Chinese AI Startup Z.AI Releases AutoGLM-Phone Model To Control Phones With Natural Language

Chinese AI companies aren’t only creating foundational models that compete with their US counterparts, but they’re also creating models for some interesting use-cases.

Z.ai, a prominent Chinese AI developer, has released Phone Agent, a multimodal AI system built on its AutoGLM framework that can understand smartphone interfaces and autonomously control Android devices through natural language commands.

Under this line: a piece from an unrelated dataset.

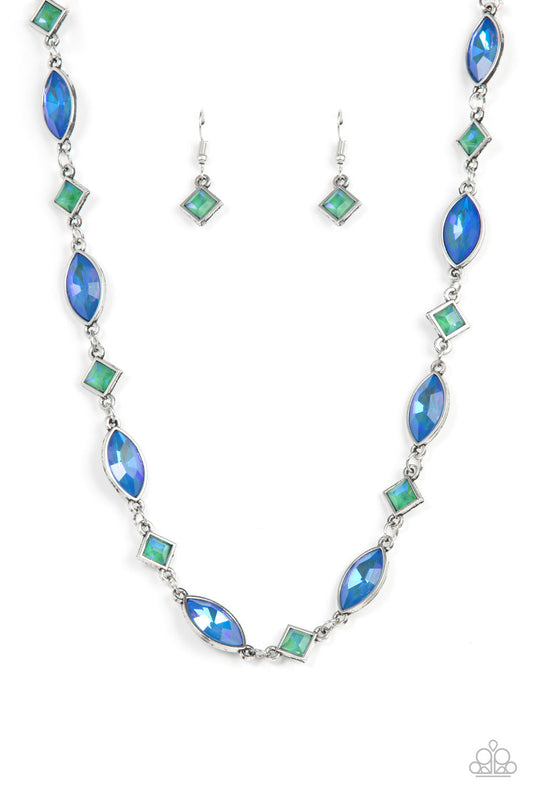 Paparazzi Prismatic Reinforcements - Multi Necklace - Pusher P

The system works by connecting to Android devices via ADB (Android Debug Bridge) and using vision-language models to interpret what’s displayed on screen. Users can issue straightforward commands like “Open Xiaohongshu and search for food recommendations,” and Phone Agent will parse the intent, analyze the current user interface, plan the necessary steps, and execute the entire workflow automatically.

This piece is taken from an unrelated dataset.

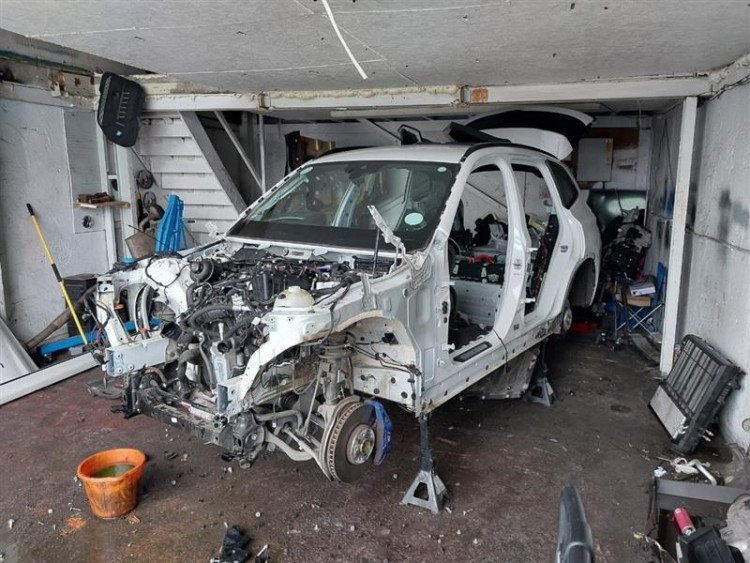 One the of vehicles found at the site.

Phone Agent incorporates safety features designed for real-world deployment. The system includes confirmation prompts for sensitive actions and implements human-in-the-loop fallbacks for scenarios requiring manual intervention, such as login procedures or verification code entry. The framework also supports remote ADB debugging, enabling device connection over WiFi or network for flexible remote control and development workflows.

The model architecture mirrors Z.ai’s GLM-4.1V-9B-Thinking model, and the company has made both the framework and model available as open source. Detailed deployment instructions are available through Z.ai’s GitHub repository and the GLM-V repository.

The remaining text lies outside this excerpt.